Fuente de la imagen, Cortesía de la Familia Jáidar
Su hijo Arturo de Alba rememora algunas de las conversaciones telefónicas de su madre en su niñez.
"Escuché en varias que hablaba con científicos, lograba que fueran voluntarios para escribir los libros y al final lo hacían".
"No solo les tenía cariño, sino que creían en el proyecto. Más tarde comprendieron su importancia".
Había amigos cercanos y otros no tanto. "Mi madre los convencía, no había quien dijera que no", añade entre risas.
Arturo recuerda que el éxito de la colección fue tal que se amplió e incluyó autores de otros países latinoamericanos.
Otro tipo de fuga
También trae a la memoria cuando en México se empezó a hablar de la fuga de cerebros.
"Mi madre sostenía que la mayor fuga de cerebros en el país no se dirigía al extranjero, sino a la cocina".
No era una crítica hacia la cocina, aclara. "A mi madre le gustaba cocinar". Se refería a que muchas mujeres no podían estudiar o continuar sus estudios por las expectativas sociales o porque debían dedicarse plenamente al cuidado de la familia.
Alejandra aspiraba a que más mujeres se dedicaran a la ciencia y tuvieran mayores oportunidades para desarrollar sus intereses y carreras.

Fuente de la imagen, Cortesía de la Familia Jáidar
A pesar de sus múltiples compromisos profesionales, Arturo rememora que su madre estuvo "muy, muy presente" en su infancia y en la de sus dos hermanos, Alfredo y Alberto, quienes son hijos de ella y de su esposo, el también físico Edmundo de Alba.
Rinde homenaje no solo a ella y a su notable habilidad para resolver asuntos por teléfono, sino también a una de sus tías.
"Ella contribuyó para que mi madre pudiera mantener gran parte de sus actividades profesionales.
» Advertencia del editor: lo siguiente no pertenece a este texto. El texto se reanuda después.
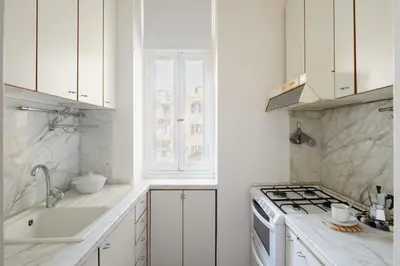 a white kitchen with a sink and a stove at Casa Mandes Spanish Steps in Rome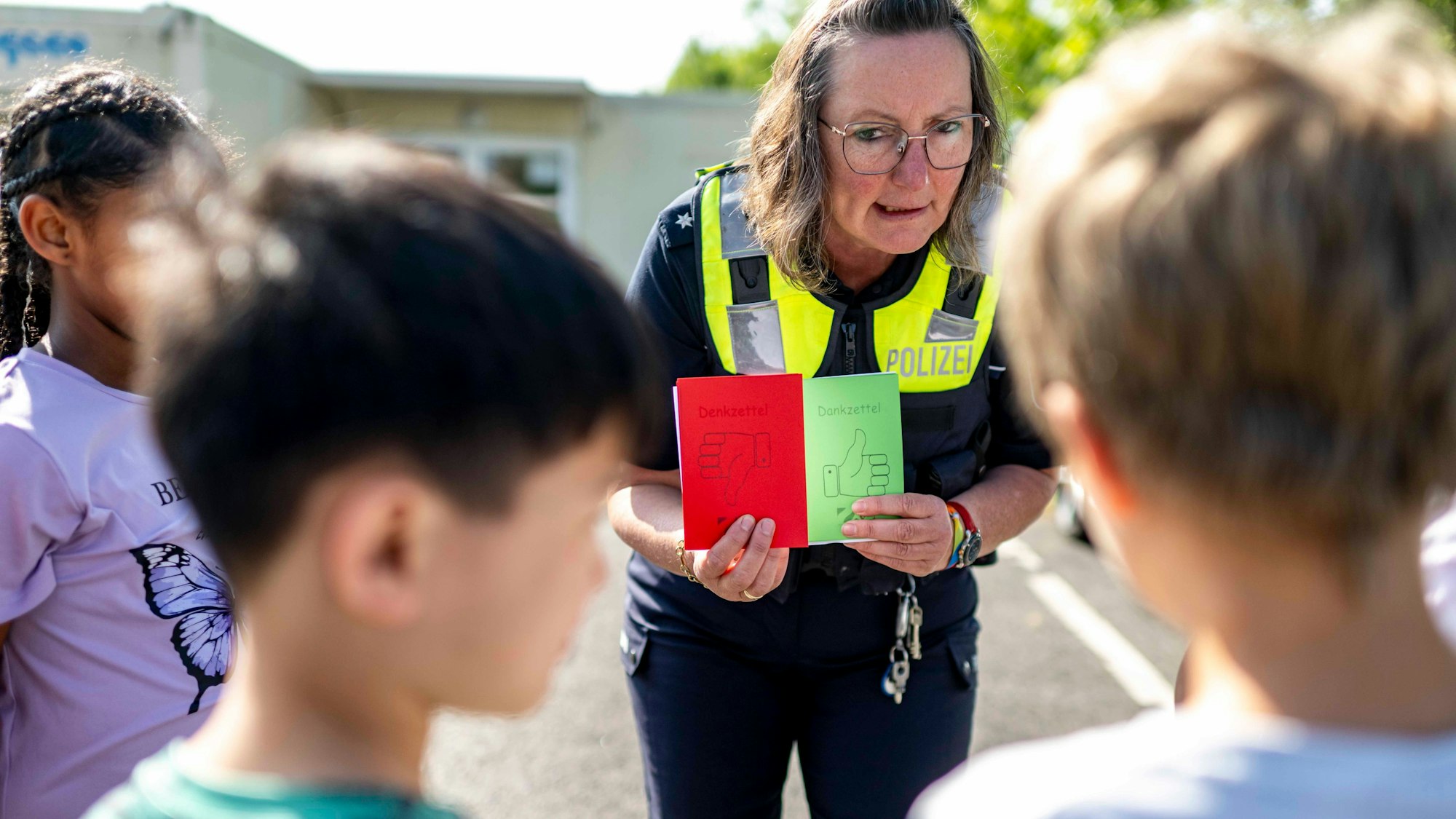 Das Bild zeigt eine Polizeibeamtin, die Kindern einen roten und einen Zettel zeigt.
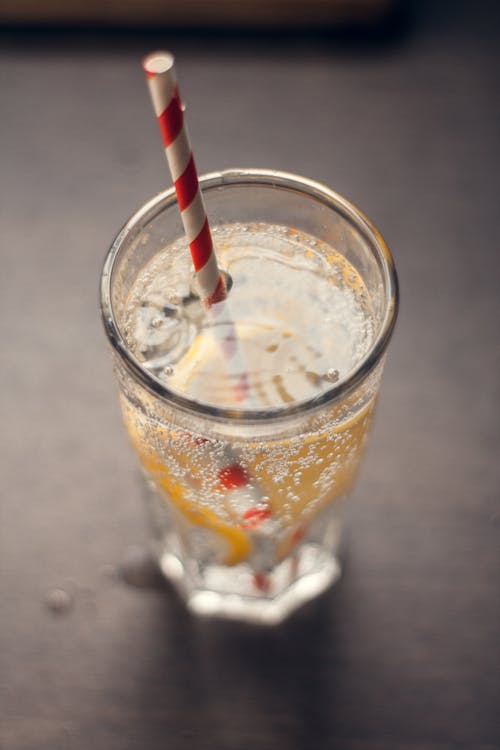 Free A Sparkling Drink in a Glass with a Drinking Straw Stock Photo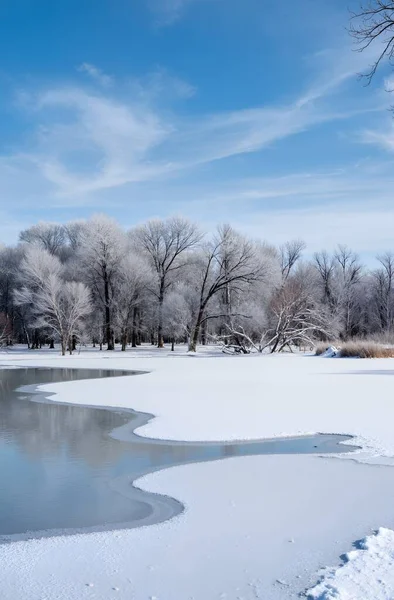 frozen river covered with ice and snow in a winter park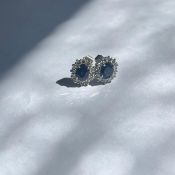 A pair of sapphire and diamond cluster ear rings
Eso probablemente se pierde en la historia. Mi tía no tuvo hijos y se dedicó a cuidar a sus sobrinos. Nos protegía, para que mi madre pudiera trabajar con total tranquilidad".

Fuente de la imagen, Cortesía de la Familia Jáidar
La sobrina Yareli evoca a la física no solo como ejemplo de "una mujer que lograba todo lo que se proponía", o como símbolo de que "las mujeres pueden estudiar lo que deseen" y que la ciencia debe estar al alcance de todos.
También tiene recuerdos personales.
"De niña, con 8 años, quedaba fascinada al verla desmaquillarse, peinarse y vestirse con huipiles".
"En México, hablamos de ‘la mamá gallina’; ella siempre reunía a la familia, las Navidades eran en su casa, siempre acompañada de amigos".
Alejandra Jáidar falleció el 23 de septiembre de 1988.
"Hemos trabajado mucho sobre eso", cuenta su hijo acerca del duro impacto.
"En el ámbito personal, su ausencia nos fortaleció como personas, de una forma extraña, nos enseñó a valorar el tiempo y las amistades".